DATA SECTION>
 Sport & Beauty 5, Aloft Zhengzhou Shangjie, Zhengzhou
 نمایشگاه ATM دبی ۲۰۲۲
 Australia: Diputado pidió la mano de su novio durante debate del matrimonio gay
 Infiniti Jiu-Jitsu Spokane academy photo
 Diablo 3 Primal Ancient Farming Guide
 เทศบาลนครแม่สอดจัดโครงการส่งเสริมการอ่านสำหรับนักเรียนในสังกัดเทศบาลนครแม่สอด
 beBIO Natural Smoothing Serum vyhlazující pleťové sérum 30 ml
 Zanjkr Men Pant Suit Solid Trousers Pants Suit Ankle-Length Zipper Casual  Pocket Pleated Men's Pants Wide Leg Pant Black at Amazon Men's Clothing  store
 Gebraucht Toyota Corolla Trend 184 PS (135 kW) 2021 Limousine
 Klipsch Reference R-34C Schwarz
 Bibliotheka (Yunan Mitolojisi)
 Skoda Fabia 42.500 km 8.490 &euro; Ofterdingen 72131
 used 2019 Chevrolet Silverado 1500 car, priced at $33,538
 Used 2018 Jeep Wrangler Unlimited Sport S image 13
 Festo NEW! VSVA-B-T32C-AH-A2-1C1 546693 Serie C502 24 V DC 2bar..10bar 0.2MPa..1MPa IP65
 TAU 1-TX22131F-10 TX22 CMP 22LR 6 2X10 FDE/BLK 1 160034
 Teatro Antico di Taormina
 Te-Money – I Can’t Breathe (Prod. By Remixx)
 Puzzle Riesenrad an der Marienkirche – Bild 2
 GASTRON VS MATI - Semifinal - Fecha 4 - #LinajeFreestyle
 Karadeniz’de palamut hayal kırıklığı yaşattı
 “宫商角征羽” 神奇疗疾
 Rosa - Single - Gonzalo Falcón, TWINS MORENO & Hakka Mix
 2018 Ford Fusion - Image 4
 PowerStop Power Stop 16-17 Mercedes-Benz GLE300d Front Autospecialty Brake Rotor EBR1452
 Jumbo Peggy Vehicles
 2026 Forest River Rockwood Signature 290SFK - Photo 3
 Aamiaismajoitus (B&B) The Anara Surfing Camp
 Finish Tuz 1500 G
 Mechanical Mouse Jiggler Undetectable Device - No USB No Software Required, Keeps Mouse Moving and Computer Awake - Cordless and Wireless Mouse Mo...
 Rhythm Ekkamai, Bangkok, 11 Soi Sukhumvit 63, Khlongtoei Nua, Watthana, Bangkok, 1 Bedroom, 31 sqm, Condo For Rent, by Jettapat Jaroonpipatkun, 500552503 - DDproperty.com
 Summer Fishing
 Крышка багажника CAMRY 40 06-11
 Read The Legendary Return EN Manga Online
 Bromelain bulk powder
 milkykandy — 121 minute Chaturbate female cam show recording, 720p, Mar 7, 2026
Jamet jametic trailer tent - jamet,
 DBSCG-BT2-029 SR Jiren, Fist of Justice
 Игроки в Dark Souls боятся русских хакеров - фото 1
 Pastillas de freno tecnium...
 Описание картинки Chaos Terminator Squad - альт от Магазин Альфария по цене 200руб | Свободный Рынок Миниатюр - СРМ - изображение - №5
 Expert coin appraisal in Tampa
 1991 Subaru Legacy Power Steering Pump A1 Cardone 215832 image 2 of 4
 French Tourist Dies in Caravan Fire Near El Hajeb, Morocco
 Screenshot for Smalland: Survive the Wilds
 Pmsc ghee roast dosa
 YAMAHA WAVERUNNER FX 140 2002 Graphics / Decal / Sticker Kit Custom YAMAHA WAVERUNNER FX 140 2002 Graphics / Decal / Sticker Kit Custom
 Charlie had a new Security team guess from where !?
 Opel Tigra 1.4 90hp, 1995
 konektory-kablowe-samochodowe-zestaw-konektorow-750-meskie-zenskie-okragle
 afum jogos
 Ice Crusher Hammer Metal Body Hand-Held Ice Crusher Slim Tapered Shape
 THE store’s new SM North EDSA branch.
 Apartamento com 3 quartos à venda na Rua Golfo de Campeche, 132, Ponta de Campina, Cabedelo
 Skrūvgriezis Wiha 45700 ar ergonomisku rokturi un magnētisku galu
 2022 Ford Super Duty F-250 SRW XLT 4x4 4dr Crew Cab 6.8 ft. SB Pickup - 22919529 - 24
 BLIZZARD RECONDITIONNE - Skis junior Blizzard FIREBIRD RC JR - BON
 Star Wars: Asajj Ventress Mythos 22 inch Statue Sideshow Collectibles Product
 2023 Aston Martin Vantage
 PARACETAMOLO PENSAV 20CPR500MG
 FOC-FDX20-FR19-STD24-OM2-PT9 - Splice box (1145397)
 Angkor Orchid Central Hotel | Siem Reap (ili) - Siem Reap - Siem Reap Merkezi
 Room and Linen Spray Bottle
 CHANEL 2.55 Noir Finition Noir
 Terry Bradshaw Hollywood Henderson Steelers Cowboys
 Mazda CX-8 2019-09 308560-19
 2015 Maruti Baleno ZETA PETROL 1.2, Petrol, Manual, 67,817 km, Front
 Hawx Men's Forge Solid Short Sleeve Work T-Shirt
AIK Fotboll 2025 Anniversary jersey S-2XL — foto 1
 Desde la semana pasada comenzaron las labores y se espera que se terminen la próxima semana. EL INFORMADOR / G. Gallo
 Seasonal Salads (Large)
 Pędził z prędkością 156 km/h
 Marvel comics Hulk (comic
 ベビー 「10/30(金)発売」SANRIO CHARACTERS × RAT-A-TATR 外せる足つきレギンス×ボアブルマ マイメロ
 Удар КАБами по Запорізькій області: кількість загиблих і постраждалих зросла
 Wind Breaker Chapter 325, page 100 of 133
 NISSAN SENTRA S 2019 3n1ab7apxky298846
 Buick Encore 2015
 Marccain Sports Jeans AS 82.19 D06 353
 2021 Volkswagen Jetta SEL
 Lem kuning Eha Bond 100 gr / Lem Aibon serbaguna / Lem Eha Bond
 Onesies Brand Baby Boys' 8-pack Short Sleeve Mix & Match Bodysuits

TRY IT> From the data above, copy each line with the string "Power" in it.

ANSWER>
 PowerStop Power Stop 16-17 Mercedes-Benz GLE300d Front Autospecialty Brake Rotor EBR1452
 1991 Subaru Legacy Power Steering Pump A1 Cardone 215832 image 2 of 4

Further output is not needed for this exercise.